The roster would make many Division II college coaches envious. As it is, Hawaii Preparatory Academy simply towers above the rest of the Big Island Interscholastic Federation.
Evaldas Vegertas is listed at 6 feet, 7 inches, Cole Walter stands 6-6 and David Ovbagbedia and Nicky Palleschi are each 6-4. At 6-3, Hide Akai would be the tallest player on most BIIF teams, but at HPA, he plays on the outside.
“We look pretty good at the airport,” Ka Makani co-coach Fred Wawner said. “But that doesn’t always translate to the court.”
And for all of their height and international flavor, the straw that stirs the drink is a guard: Waimea’s own Kalan Camero.
“Everything starts and ends with him,” Wawner said. “When the game is on the line, he’s our go-to player and we want him to have the ball in his hands.
“I think all the way from peewee on up to the NBA, to have success, you have to have savvy players that can take care of the ball.”
Camero has fit that bill his first three seasons as a starter, helping Ka Makani claim their first BIIF Division II championship in 2012 and a follow-up title in ’13.
HPA must replace three starters, including West Division Player of the Year Jovan Crnic, a facilitator at guard. Camero, 6-1, can play either guard spot, but Wawner and co-coach Dave Huntington would prefer Camero play off the ball and take advantage of open looks when HPA feeds its big guys inside.
“He has the green light to shoot whenever he has the room and time,” Wawner said. “He’s earned and deserved that right.”
Ka Makani doesn’t look like the rest of their BIIF competition, so they won’t try to play like them either. While most teams, especially in Division II, want to raise the tempo and run up and down the court, HPA is content to slow the ball down and play half-court offense.

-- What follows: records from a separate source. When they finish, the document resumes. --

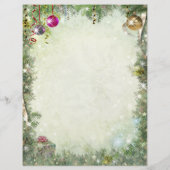 kerstfeestwerk (Achterkant)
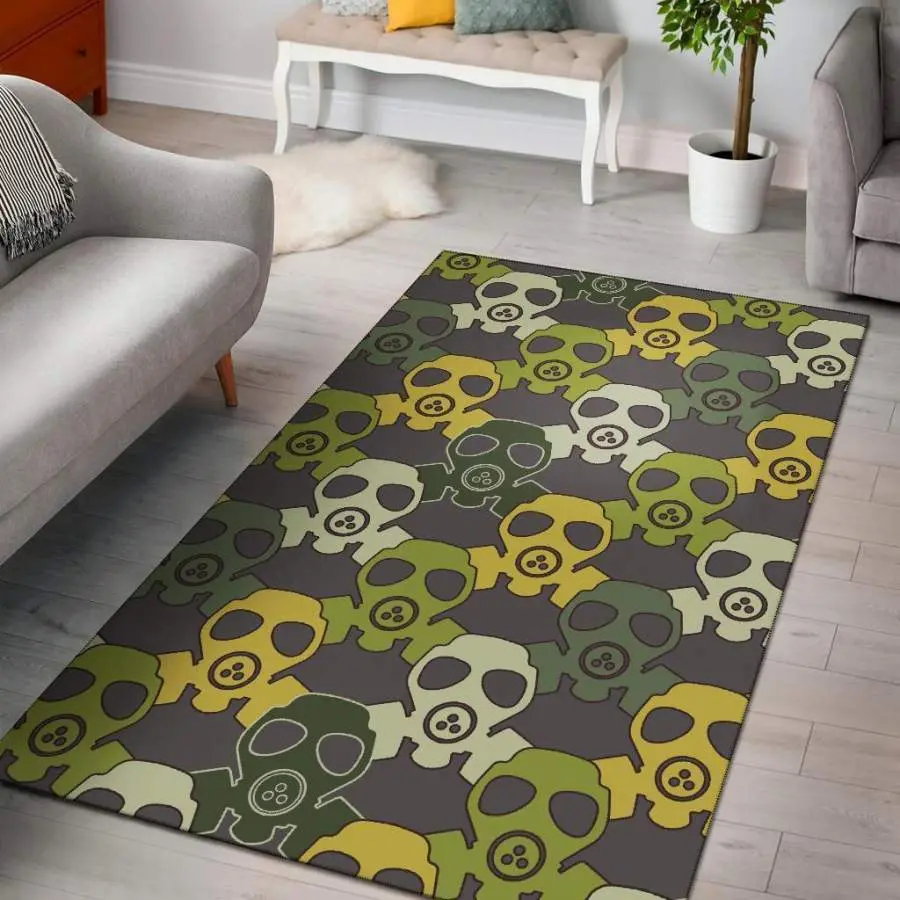 Star Wars Area Rug Living Room Rug Home Decor Movie Ofd 19101941
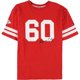 thumbnail image 1 of Camiseta gráfica Tommy Hilfiger Kansas City Chiefs para hombre rojo mediano, 1 of 2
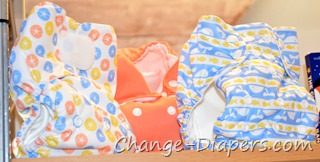 #ABCKids14 via @chgdiapers 20 @thirstiesinc ocean collection sand dollar coral & whale tale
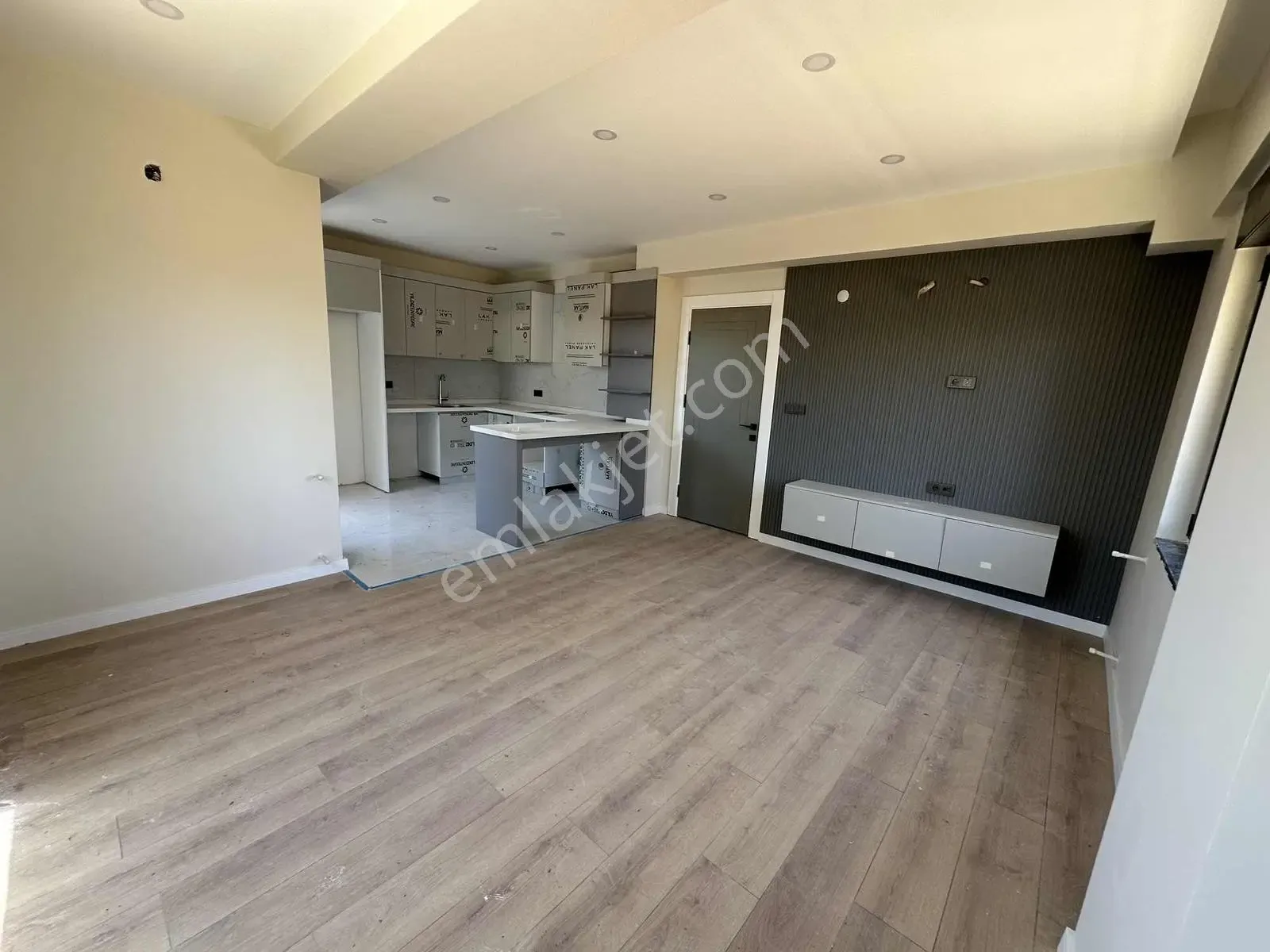 Sıfır Binada Ebeveyn Banyolu Dubleks 2+1 Daire — görsel 8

It will be hard to find more contrasting styles than those favored by HPA and Division II rival Kohala, which features a three- and four-guard offense.
“They are monsters,” Cowboys coach Don Fernandez said of HPA.

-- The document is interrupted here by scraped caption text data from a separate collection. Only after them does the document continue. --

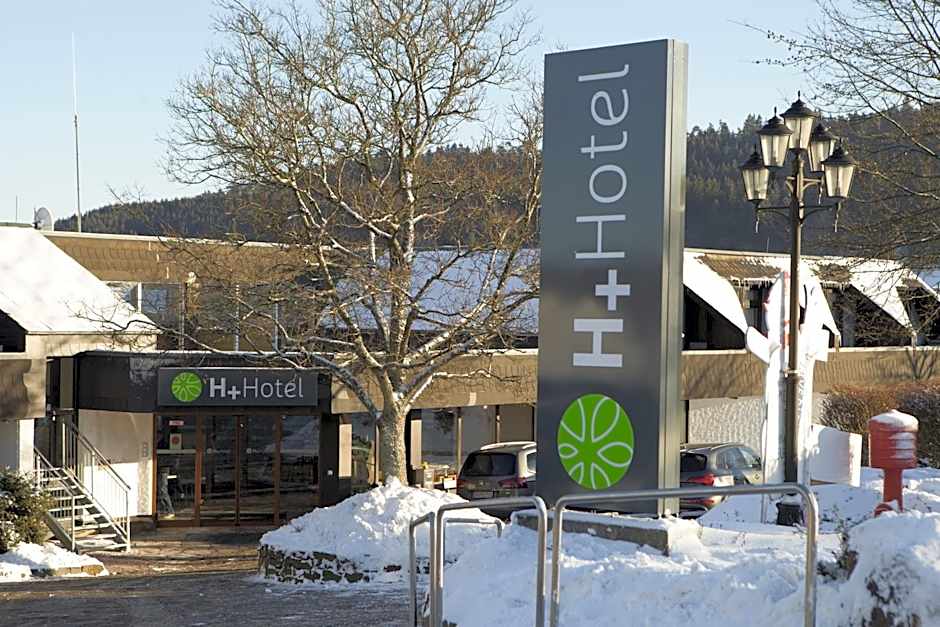 H+ Hotel Willingen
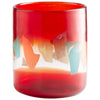 Cyan Design 09164 Carnival Vase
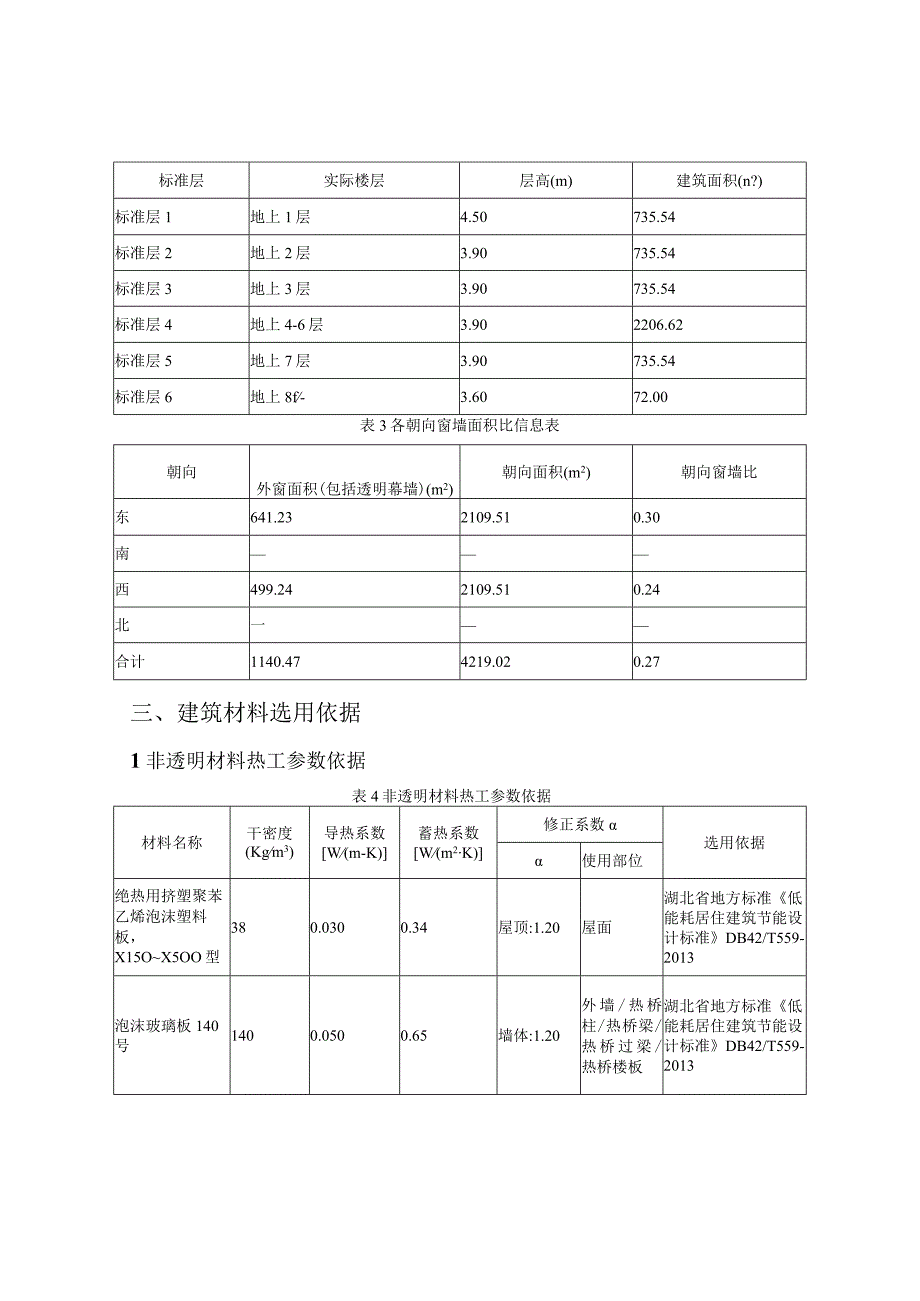 综合楼-规定性指标计算报告书.docx_第3页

But to be at its best, Wawner said his team still has some maturing to do as it gains game experience and basketball IQ. The coaches tinkered with different starting lineups during the preseason, mixing and matching five guards and four post players.
Ovbagbedia is a senior boarding student from Nigeria who’s in his second year with the program but is still learning the finer points of the game, while Vegertas, a senior boarder from Lithuania, is working his way back from an ACL tear.
Junior Justas Gecas, 6-0, also hails from Lithuania and is in the mix to play point guard. Senior guard Kenji Stinson has improved his outside shot, and senior Kellen Gillins also will be in the mix at guard.
If all goes as planned, HPA will try to play with two post players at a time. Call it the BIIF’s version of the “twin towers.”
“While others counter with speed, we need to take advantage of our size and length,” Wawner said. “Guys are working hard. But to just turn around and score is easier said than done. We’ve been slow to understand some things.”
Just like his team’s offensive philosophy, Wawner is in no rush. Ka Makani’s early schedule is unforgiving — they open at Hilo on Friday and host Waiakea a week later — but Wawner’s first goal is to see a “work-in-progress” club that features eight seniors and five juniors develop.
“Our first seven games, we’ll build, take our lumps and understand what we can do and what we can’t,” he said.